Does the human resources (HR) function influence organizational culture?
To review all four roles of Ulrich’s (1997) HR function model – administrative expert, employee champion, change agent, and strategic partner – our 2015 AHRD abstract presents the results from our literature search to identify scholarly publications from 1997 until 2014.
In human resource development (HRD) research, organizational culture is “limited to the rational managerial perspective on culture, employees and organization” (Plakhotnik & Rocco, 2005, p. 97). The HR function impacts organizational culture, that is, the set of beliefs, values, assumptions, and perceptions that influence organization members; however a comprehensive review of the research further identified HOW organizational culture has been impacted by HR. This has also taken into consideration human resource management (HRM) and organizational development (OD), as strategic partners with HRD in discussing the HR function.
Copyright © 2015 Mariya Gavrilova Aguilar, A. Esther Joshua-Gojer, Denise R. Philpot, & Laura A. Pasquini
The critical importance of utilizing the HR function towards organizational culture influence, identified two key themes:
- The role of the Human Resources function is evolving.
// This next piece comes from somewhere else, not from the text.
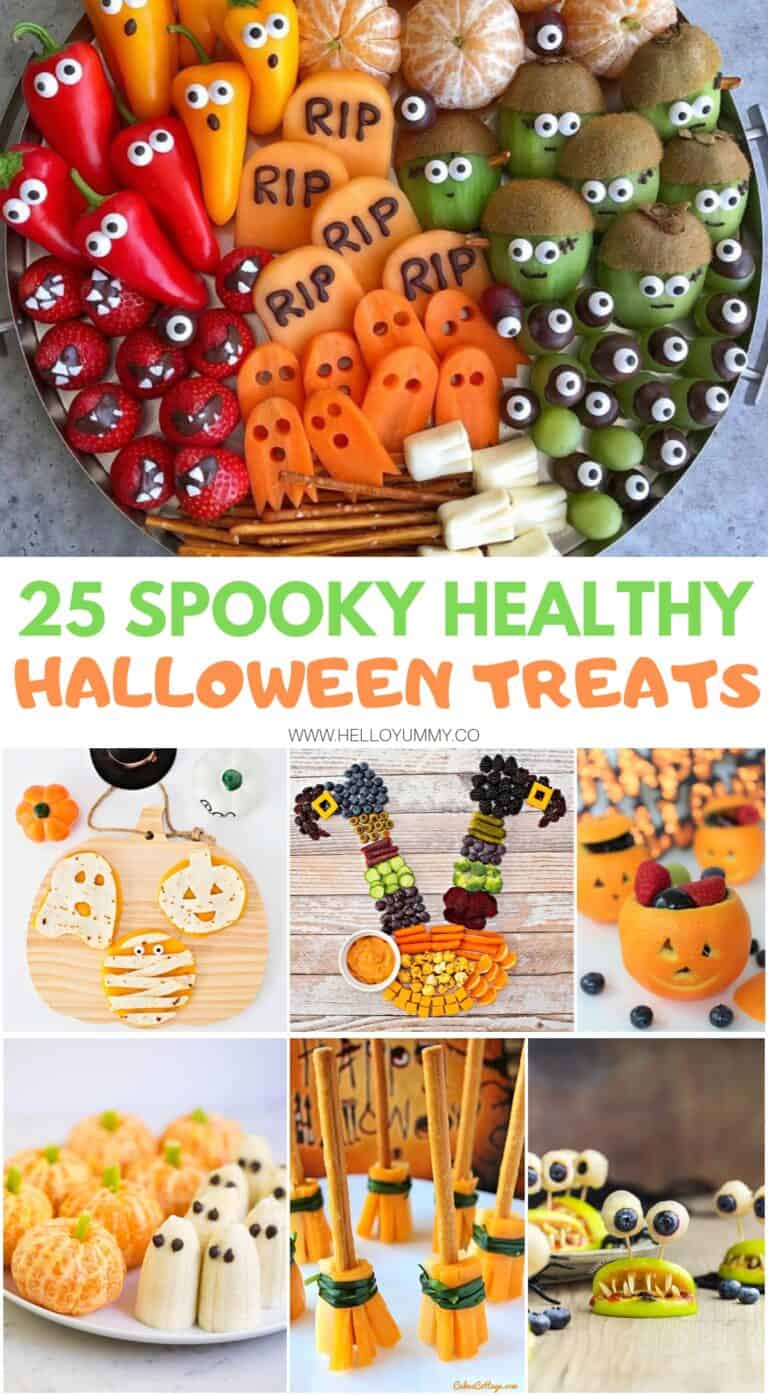 Healthy Halloween Snacks for Kids - 25 Spooky Holiday Treats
- Performance is influenced by employees’ perceptions & interpretations of their organization
- HRD can support change, changing organizational culture, connecting with organizational stakeholders, and approaches/strategies
- OD activities focus on changing or improving organizational culture; limited research done how these activities actually impact organizational culture
- The HR Function is a Change Agent.
- A direct link between HR and social common structures such as climate and culture
- Organizational effectiveness depends on its culture; developed by various HRD measures incorporated in everyday organizational life
Implications for HRD and Practice
Organizational culture is positively affected by the HR function, specifically in the areas of recruitment, selection, training, development, performance appraisal, progressive discipline, and organizational diversity, and inclusion. This means that HRD scholars and practitioners will need to consider to secure and develop talented employees through effective organization implementations and interventions. For the HR function to best support organizational culture, it will need to align its practices with the strategic organizational goals and develop innovative approaches.
Plakhotnik, M. S., & Rocco, T. S. (2005). Organizational culture: A literature review of the AHRD 1994-2005. Proceedings of the 2005 AHRD International Research Conference in the Americas. Miami, FL.
Ulrich, D. (1997). Human resource champions: The next agenda for adding value and delivering results. Boston, MA: Harvard Business Review Press.